The introduction in June of US crude grade West Texas Intermediate (WTI) Midland to set the price of the dated Brent benchmark assessed by S&P Global Commodity Insights has not only spurred the rising exports but also helped to cap Brent and the European, African, Brazilian and Asian oil that are priced off the benchmark, traders and analysts said.
US crude exports are also easing the loss of supply after Saudi Arabia deepened output cuts from July, above what major producers agreed to in June.
The widening exports illustrate the increasing influence of crude from the United States, the world’s biggest oil producer, in the global market.
It further cements the role of US supplies in balancing the market, especially as outlets for sanctioned Russian crude are limited.
US crude exports have averaged 4.08 million barrels per day (bpd) so far in 2023, up from an average of 3.53 million bpd in 2022, according to the Energy Information Administration.
Mr Joel Hanley, global director of crude and fuel oil markets at S&P Global, said that out of the 61 dated Brent assessments to July 27 that have included WTI Midland, the US grade has been among the most competitive in all but one, while it has been the single most competitive alone on half of those days.
This means WTI Midland is effectively setting the price for the benchmark.
Other physical crude grades are feeling the pressure as a result of the US supplies.
The price difference for Forties crude cargoes loading in the North Sea to dated Brent averaged a discount of 2.9 cents a barrel in July, down from a premium of 12.4 cents in June and 24.5 cents in May, according to data on Refinitiv Eikon.
“As Midland becomes more and more important in the dated Brent assessment, it has a knock-on effect on other grades having to price themselves lower to compete with WTI Midland,” said Mr Rohit Rathod, market analyst at energy researcher Vortexa.
The pressure exerted from the WTI Midland exports is even extending to Asian markets for Middle Eastern crude.
Murban crude from the United Arab Emirates is close in density to WTI Midland, but with more sulphur, and is used by traders to compare the economics of shipping WTI to the east.
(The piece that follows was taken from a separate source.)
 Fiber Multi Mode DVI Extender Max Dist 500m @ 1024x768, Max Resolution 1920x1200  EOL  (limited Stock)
The premium of Murban futures to Dubai quotes averaged US$1.90 a barrel, steady from the previous month, while that for cash Dubai gained 43 cents to US$1.57 a barrel during the month, according to Reuters calculations using market trade data.
A near-record volume of WTI Midland is set to be shipped east in August.
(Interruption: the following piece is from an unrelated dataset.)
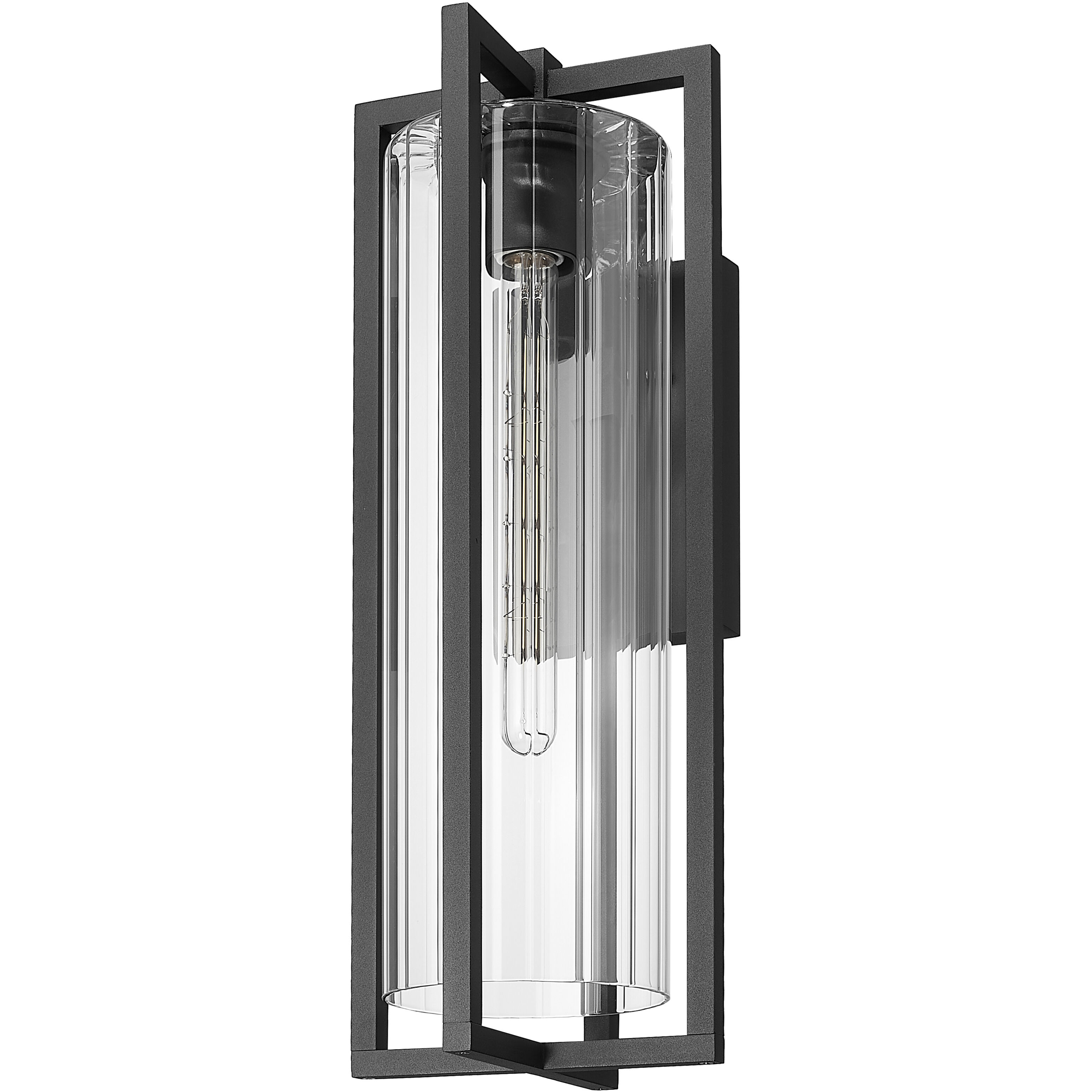 Aura Outdoor Wall Light in Black, G9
“There is more and more WTI production flooding the global markets,” said Mr Adi Imsirovic, director at Surrey Clean Energy, who formerly headed global oil trading at Gazprom Marketing and Trading.
Unlike crude from producers in the Organisation of the Petroleum Exporting Countries, or Opec, who are currently reducing output to support prices, “WTI is freely traded, without destination and output restrictions, and WTI value has become a key to the global pricing”, he said.
The increased WTI flow to Europe has weakened Brent futures relative to Dubai, though Dubai has also strengthened after Saudi Arabia announced in June additional output cuts beyond what Opec and its allies agreed to.
The cuts have reduced the amount of high-sulphur Middle Eastern crude, particularly medium and heavy grades, available to Asian refiners.
Brent’s premium to Dubai, or the Exchange of Futures for Swaps, averaged 78 cents a barrel in July, the narrowest in more than two years.
The effect has been to make low-sulphur Atlantic Basin crude such as those from Europe, Africa and Brazil more affordable for Asian buyers and boosted demand for WTI Midland in the region, with a Singapore-based oil trader saying the grade kept Murban prices in check in July.
Mr John Evans of brokerage PVM Oil said that even as crude demand to Asia should be falling as some refiners carry out maintenance ahead of the Northern Hemisphere winter, there is great interest in bringing WTI to Asia.
He noted that the grade’s discount to Dubai, expensive Saudi Arabian crude and low freight rates are making WTI attractive.
The flow of WTI into Asia in August is high, but not quite at the previous record, and that is “impressive enough to keep the bulls interested”, he said.